- Origin: Cork, Ireland, Lisbon, Portugal
- Genres: Space rock, psychedelic rock, experimental rock
- Years active: 2020–present
- Labels: Felte, Blowtorch, Warm Milk Recordings
- Members: Mark Waldron-Hyden Joe Armitage Michael Oliver Smith Elaine Malone Sara Leslie

= Pôt-pot =

Irish-Portuguese psychedelic rock band

pôt-pot is an Irish-Portuguese psychedelic rock and krautrock quintet based in Lisbon. Formed by musicians from the Cork DIY music scene, the band perform "motorik" rhythms, harmonium drones, and hypnotic male-female vocal harmonies.

== History and career ==
The band was formed by multi-instrumentalist Mark Waldron-Hyden alongside Elaine Malone, Sara Leslie, Mykle "Ollie" Oliver Smith, and Joe Armitage. Drawing on a transient lifestyle between Ireland and Portugal, the group developed a sound that blends the repetitive structures of CAN and Neu! with the dark textures of Joy Division. In August 2025, the group released the single "22° Halo,". Then in September 2025, they released their debut full-length album, Warsaw 480km, through the Los Angeles-based label Felte Records. The album was named as one of BBC Radio 6 Music's Albums of the Year for 2025, with presenter Deb Grant selecting it for special feature during the network's annual celebration.
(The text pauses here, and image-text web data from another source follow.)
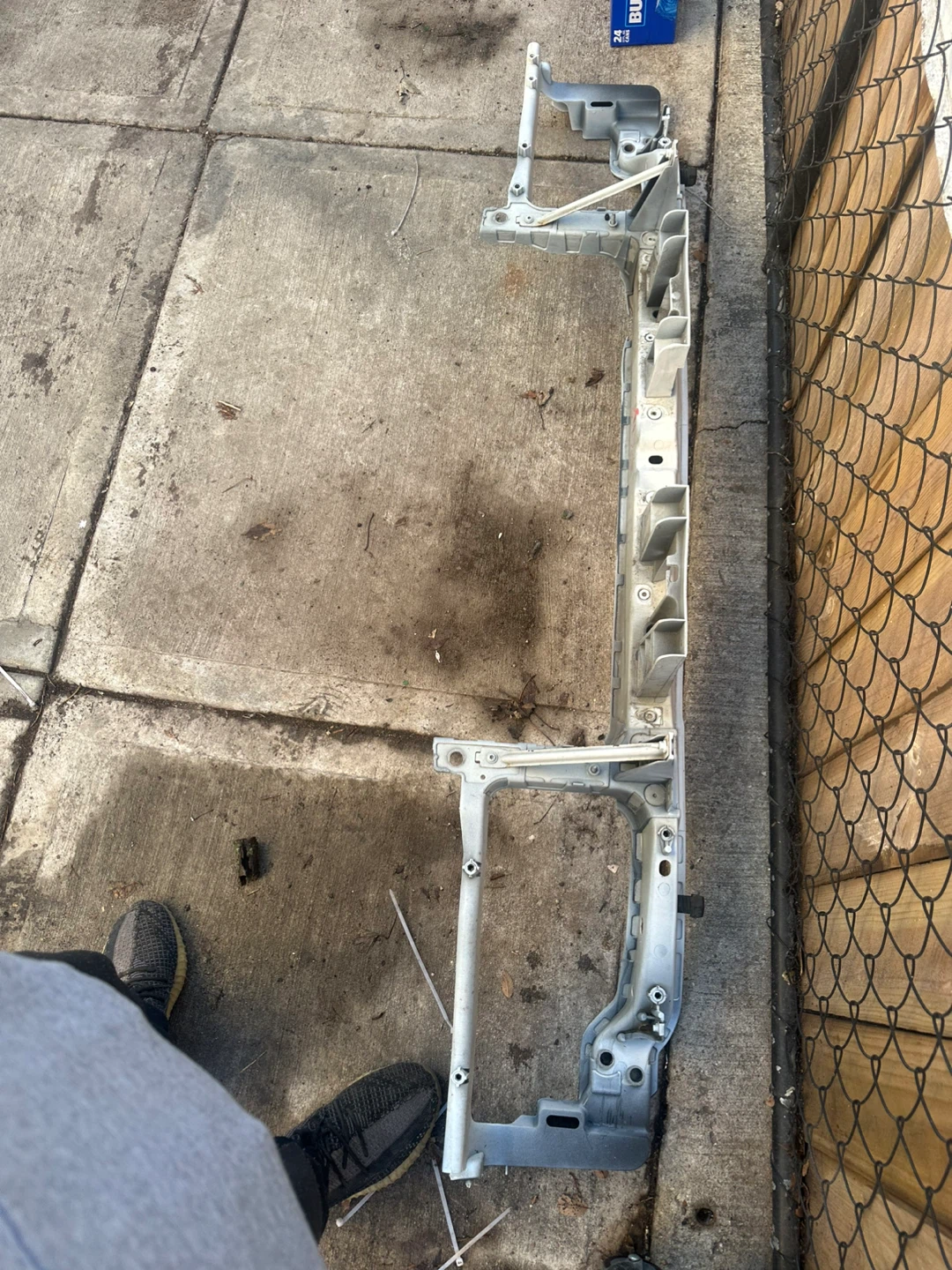 Car Frame Support Dodge Charger2011-2014 - photo 3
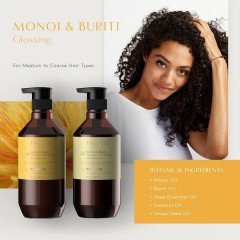 Theorie Monoi &amp; Buriti Glossing Conditioner  Monoi &amp;amp; Buriti Кондиционер для придания блеска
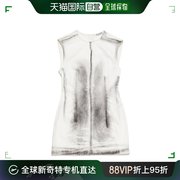 香港直邮Acne Studios 无袖牛仔连衣裙 A20639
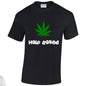 NEO01121 Half Baked Unisex Cotton T-Shirt 3 colours 8 sizes Printed
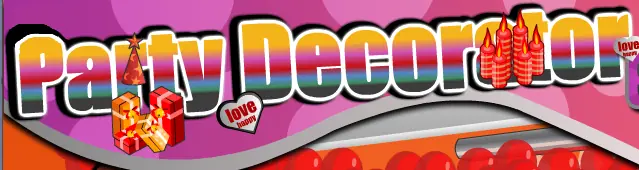 Party Decorator logo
The record was also shortlisted for the Choice Music Prize Irish Album of the Year.

== Live performances ==
They have performed at Grauzone Festival and have opened for The Mary Wallopers, including nights at Vicar Street, Dublin. Following their album's release, the band embarked on a European and UK tour in early 2026.

== Discography ==

=== Studio albums ===
- The High Civilizations (2020, Warm Milk Recordings)
- Warsaw 480km (2025, Felte Records)

=== EP ===
- Ode To A (EP, 2023)
- Going Insane (EP, 2024)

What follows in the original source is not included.